No, my reply was succinct and on point.
You don't need to be so self-depreciating in acknowledging you don't understand my answer or the Heller quote.
Footnote 26
We identify these presumptively lawful regulatory measures only as examples; our list does not purport to be exhaustive.
Do you need an adult to explain this to you???
I doubt you (age notwithstanding) are capable of explaining it because you are so obviously mischaracterizing it.
I let SCOTUS and courts applying it to explain it to me.
That passage is not a blanket endorsement of gun control. It is a warning to both "sides" to not over-read Heller. SCOTUS is only saying that laws not under review in Heller will be considered "presumptively lawful" until they are specifically challenged or the Court finally undertakes an exhaustive analysis of the full scope of the Second Amendment. Your quote of Heller is the victim of selective editing; not only is footnote 26 omitted but the statement explaining the conditional status of your passage was also omitted. As I said, Wikipedia scholarship is lacking . . .
There have been hundreds of laws challenged and upheld by citing 20th Century federal lower court decisions that inserted the "state's right" or "militia right" (including the generalized "collective right") interpretations of the 2nd Amendment into the federal courts. Those lower federal court decisions are now invalidated and abrogated by Heller and all those laws upheld by citing that illegitimate line of legal reasoning are infirm and will be thrown aside when challenged.
In actual legal action, footnote 26 has directed the actions of lower federal courts, placing a larger burden on the government defending challenged laws and has in fact, had the action of bringing into question longstanding prohibitions even those seemingly unquestionable under Heller like felon dispossession laws. This has forced the government to actually present evidence and argument that the law passes constitutional muster.

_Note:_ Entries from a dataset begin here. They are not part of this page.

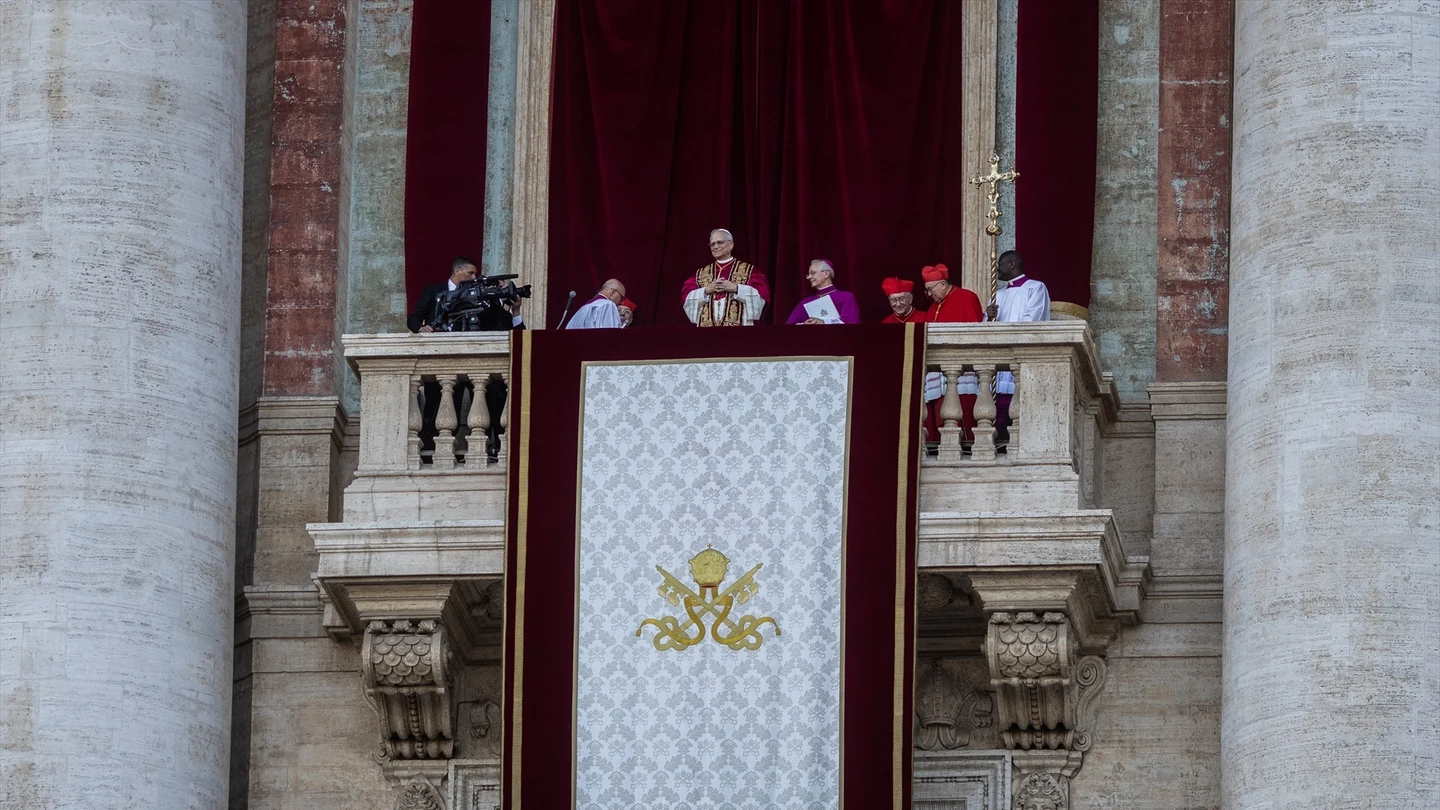 El nuevo papa León XIV El nuevo papa León XIV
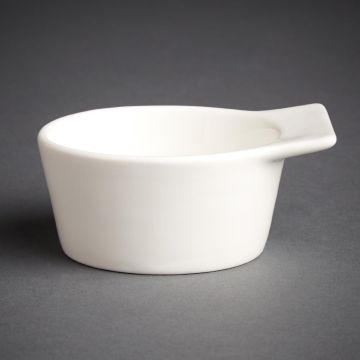 Lumina Fine China (Pack of 6) Winged Ramekin Dish 55ml GM467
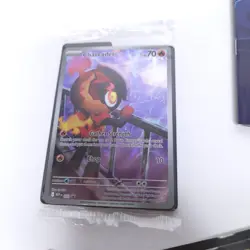 Pokemon Phantasmal Flames Guide Checklist, Dice, Coin, Sleeves, Dice, Charcadet, - Image 4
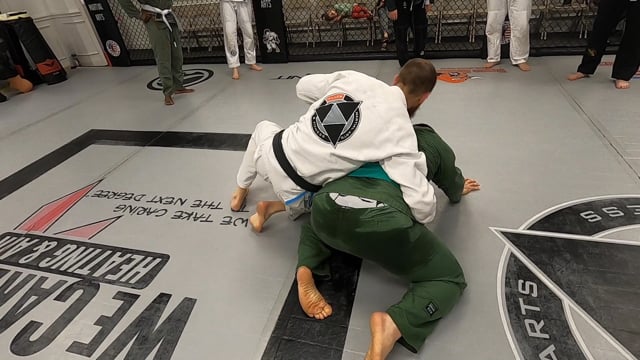 Self Defense Standing Guillotine Scenarios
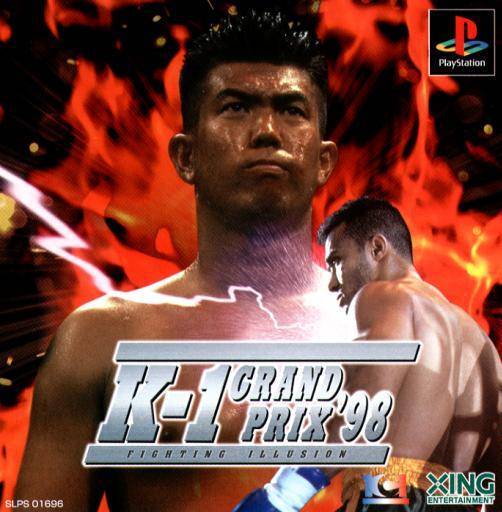 Fighting Illusion: K-1 Grand Prix '98 - (PS1) PlayStation 1 (Japanese Import) [Pre-Owned] Video Games Xing Entertainment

In 2011 the 3rd Circuit said:
"As the Government concedes, Heller’s statement regarding the presumptive validity of felon gun dispossession statutes does not foreclose Barton’s as-applied challenge. By describing the felon disarmament ban as “presumptively” lawful, the Supreme Court implied that the presumption may be rebutted." -- U.S. v. Barton, 633 F.3d 168 (3d Cir. 2011)

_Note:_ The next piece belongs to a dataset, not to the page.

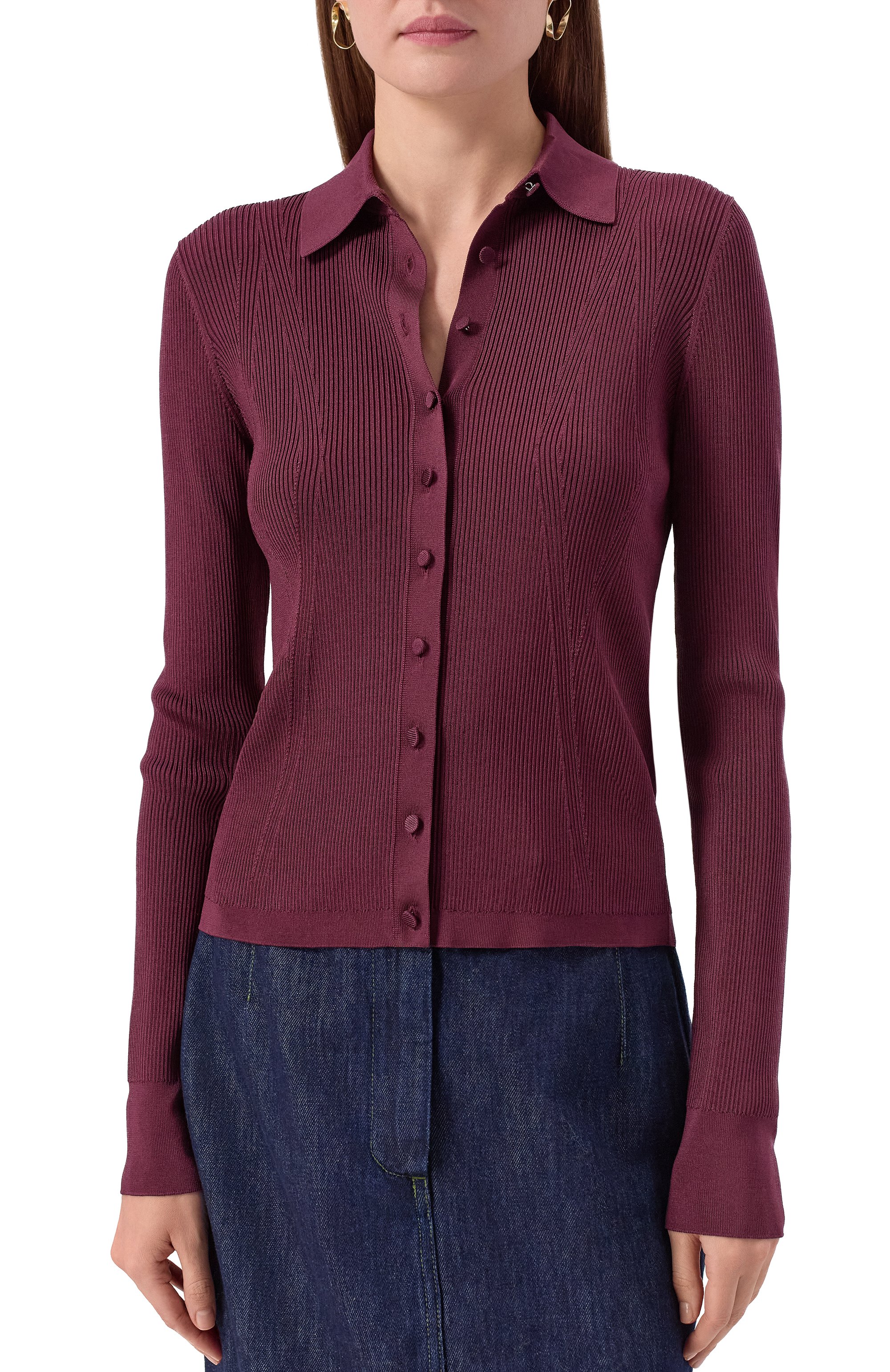 Кардиган из вискозы DRIES VAN NOTEN, арт. 252-011211-2706, фото 3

Of course felon disablement of gun rights have been sustained federally because they are deemed founded on legitimate exercises of government authority which have been upheld many times using a wide range of legal reasoning under constitutional and common law.
Now, on the other hand, gun control laws that were upheld by citing US v Tot or Cases v US (and their many illegitimate progeny) and reasoned upon the theories that the 2nd does not secure an individual right, will be struck down.